Monday, November 22, 2010

Book Review: A Night to Remember

Hailed by some as the definitive resource of the Titanic disaster, "A Night to Remember" tells the tale of the doomed ship's maiden, and only, voyage in April 1912. Published in 1956, today it has the appearance of a dime store novel, but a fantastic read it is. Forget Leo and Kate, this non-fiction story recounts the disaster as remembered by survivors and webbed together by author Walter Lord.
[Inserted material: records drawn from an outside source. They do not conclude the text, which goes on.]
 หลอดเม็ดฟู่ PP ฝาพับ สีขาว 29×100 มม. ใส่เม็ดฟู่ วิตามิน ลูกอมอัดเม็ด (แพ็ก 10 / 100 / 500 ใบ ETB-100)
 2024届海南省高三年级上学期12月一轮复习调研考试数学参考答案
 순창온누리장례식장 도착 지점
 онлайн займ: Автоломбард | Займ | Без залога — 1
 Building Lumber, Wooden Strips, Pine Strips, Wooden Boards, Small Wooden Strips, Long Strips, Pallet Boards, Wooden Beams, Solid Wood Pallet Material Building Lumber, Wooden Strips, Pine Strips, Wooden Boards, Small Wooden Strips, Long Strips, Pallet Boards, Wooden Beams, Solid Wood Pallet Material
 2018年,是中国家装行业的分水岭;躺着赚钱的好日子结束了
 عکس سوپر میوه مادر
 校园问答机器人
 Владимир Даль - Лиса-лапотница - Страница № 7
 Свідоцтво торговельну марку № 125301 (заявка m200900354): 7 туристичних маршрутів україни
We all know the "ship that could not sink" sunk after striking an iceberg somewhere in the middle of the freezing Atlantic. Cool and collect Captain Smith declared the collision fatal and ordered women and children into lifeboats. Ten miles away, a wireless operator on the ship Californian had retired earlier as SOS calls from the world's largest ship went unanswered. Two hours and forty minutes later, 1,500 people went down with the ship or were left flapping helplessly in that cold hell. Only 700+ survived to tell the tale

Upon learning the ship had struck an iceberg, Chief Baker Charles Joughin retired to his room to drink copius amounts of whiskey. Sometime later, after all the lifeboats were gone, when the ship began to roll to one side, Joughin ran down the side of the ship with "marvelous equilibrium". Then he calmly notched up his life vest and jumped into the 28 degree ocean, without even getting his hair wet, just as the Titanic went down. Accounts say that he survived three hours (although the length of time is debated) in the freezing Atlantic. Some say that this was a result of the amount of alcohol in his blood.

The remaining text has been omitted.